There are also a range of generic tools which can convert JSON into flat CSV structures, including:

  • JSON -> CSV - online tool for converting small documents.

  • Open Refine - desktop tool that can handle large documents, and supports advanced data manipulation.

CSV

JSON is based on a tree structure, with data elements nested inside one another. However, many people are more familiar working with tabular data, made up of columns and rows. There is no easy way to represent structured data in a single table. However, we propose two models for publishers to adopt.

  • Simplified single table - for cases where there are no one-to-many relationships in the data (e.g. each tender has only one award and contract, and each has only one line-item).

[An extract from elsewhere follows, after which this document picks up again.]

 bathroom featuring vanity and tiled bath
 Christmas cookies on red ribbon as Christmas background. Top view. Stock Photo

  • Multi-table - where more advanced structures are needed, but where it is desirable to be able to work with data in spreadsheet-style layouts

In each case, fields are identified in CSV headers by their JSON Pointer. For example:

JSON

{
    "releases": [
        {
            "ocid": "ocds-a2ef3d01-1594121",
            "tag": "tender",
            "tender": {
                "id": "ocds-a2ef3d01-1594121/1",
                "items": [
                    {
                        "id": "1",
                        "description": "Standards development"
                    }
                ]
            }
        }
    ]
}

CSV

ocid

tag

tender/id

tender/items/id

tender/items/description

ocds-a2ef3d01-1594121

tender

ocds-a2ef3d01-1594121/1

1

Standards development

Beta open source tooling exists for generating flat CSV OCDS templates, and converting in both directions between JSON spreadsheets following these templates. The OCDS Data Review Tool incorporates this tooling and will offer to convert files uploaded to it.

Simplified single table

It is possible to represent a full release in a single flat CSV row by using full JSON pointers for each field as the headings.

This approach is generally only appropriate for data without one-to-many relationships (for example, only one item per tender, and one award and contract for each tender process).

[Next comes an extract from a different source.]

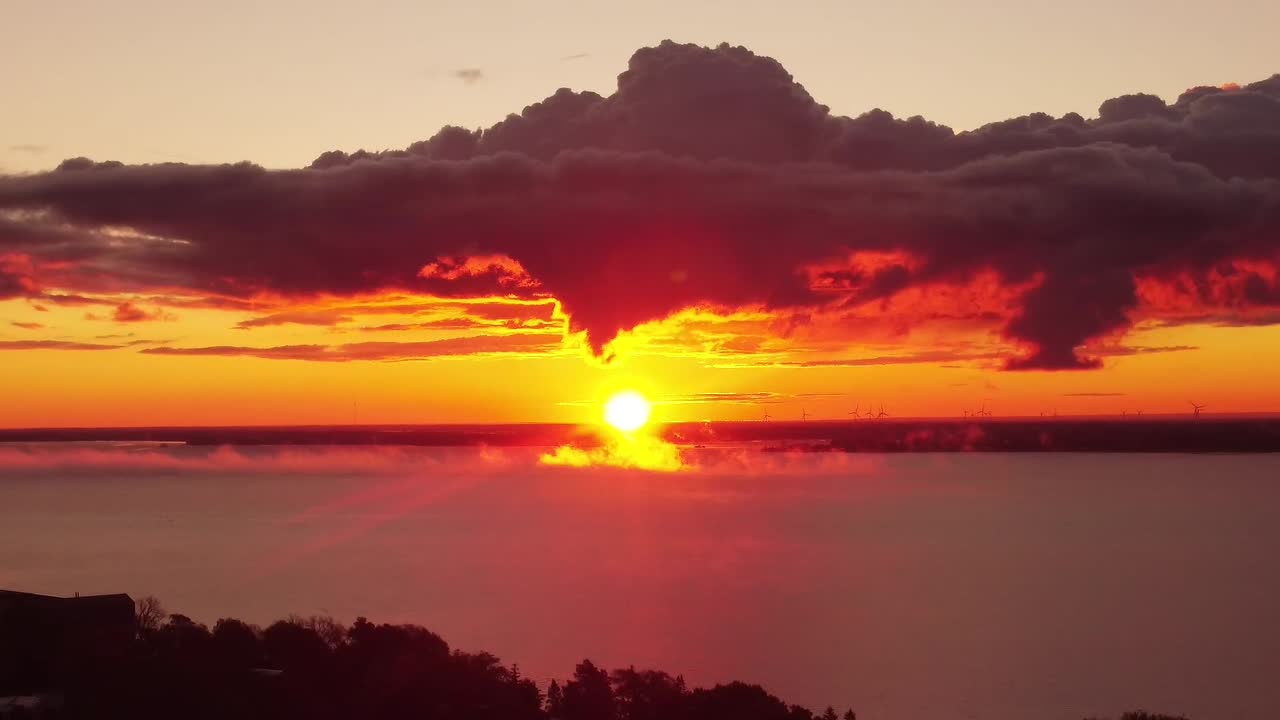 Still shot of an intense yellow sun landscape full of clouds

It is, however, theoretically possible to represent a full release in a single flat CSV row by using full JSON pointers for each field as the headings. For arrays, this involves adding the array index to the path, such as tender/item/0/id and tender/item/1/id as separate columns to represent each of the items.

For example, to represent a tender release with two items, the CSV file would include:

ocid

tag

tender/id

tender/items/0/id

tender/items/0/description

tender/items/1/id

tender/items/1/description

ocds-a2ef3d01-1594121

tender

ocds-a2ef3d01-1594121/1

1

Standards development

2

Documentation authoring

The JSON equivalent of this would be:

{
    "releases": [
        {
            "ocid": "ocds-a2ef3d01-1594121",
            "tag": "tender",
            "tender": {
                "id": "ocds-a2ef3d01-1594121/1",
                "items": [
                    {
                        "id": "1",
                        "description": "Standards development"
                    },
                    {
                        "id": "2",
                        "description": "Documentation authoring"
                    }
                ]
            }
        }
    ]
}

Whilst this allows complex data to be expressed in flat CSV, users will need to rebuild the structure in order to analyze the data.

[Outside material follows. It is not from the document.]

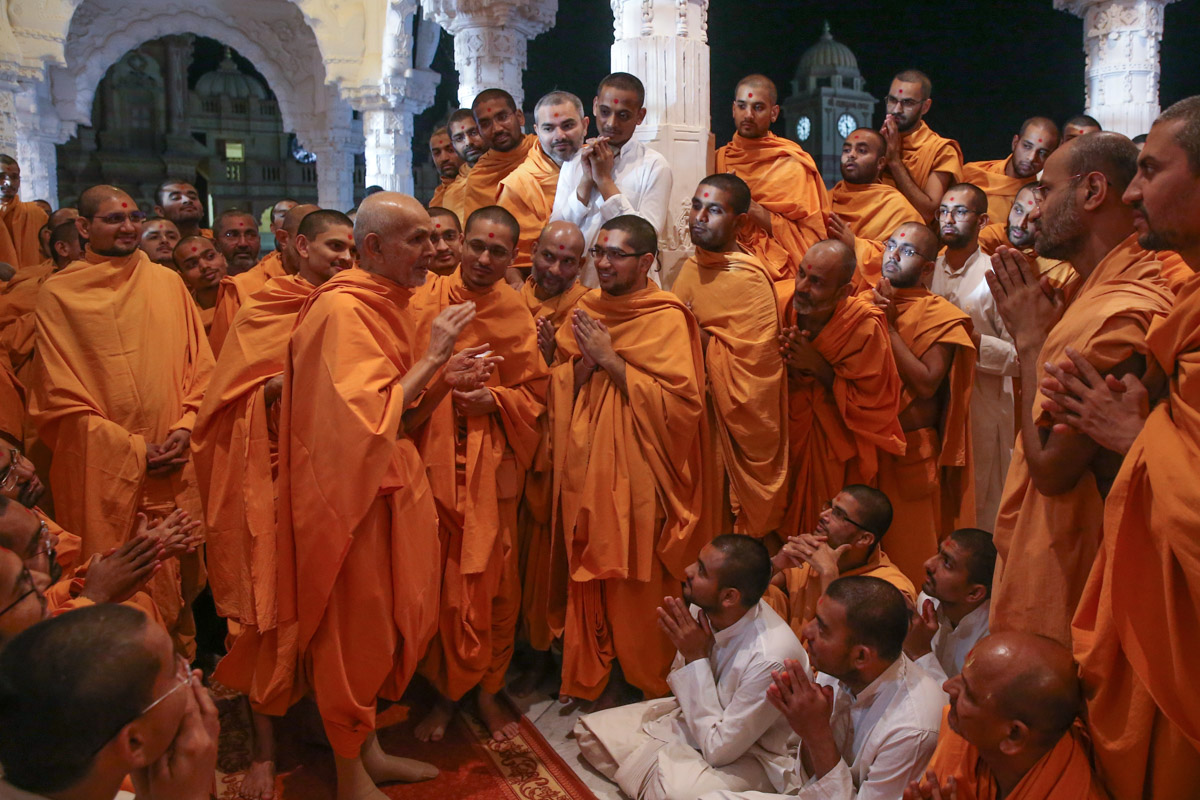 Swamishri converses with sadhus and sadhaks in the mandir pradakshina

Instead, data with a one-to-many relationship can be represented using a multi-table serialization.

CSV encoding

OCDS CSV files ought to be encoded in either UTF-8 or Windows-1252.

Multi-table

The multi-table serialization separates objects with many to one relationships (i.e. arrays) into their own tables.

Multiple tables can be packaged together as the tabs of an Excel spreadsheet, or in a collection of CSV files.

An example multi-table template can be found in the sample data repository.

For further information on multi-table serializations please see the flatten tool documentation.

Packaging files with metadata

Whatever serialization is used for Open Contracting Data, a single file can contain one or more release and records.

The release package and record package schemas describe the key metadata that ought to be supplied for any file providing Open Contracting Data. This includes the publishedDate, publisher, uri for accessing the file, and the licensing details for the file.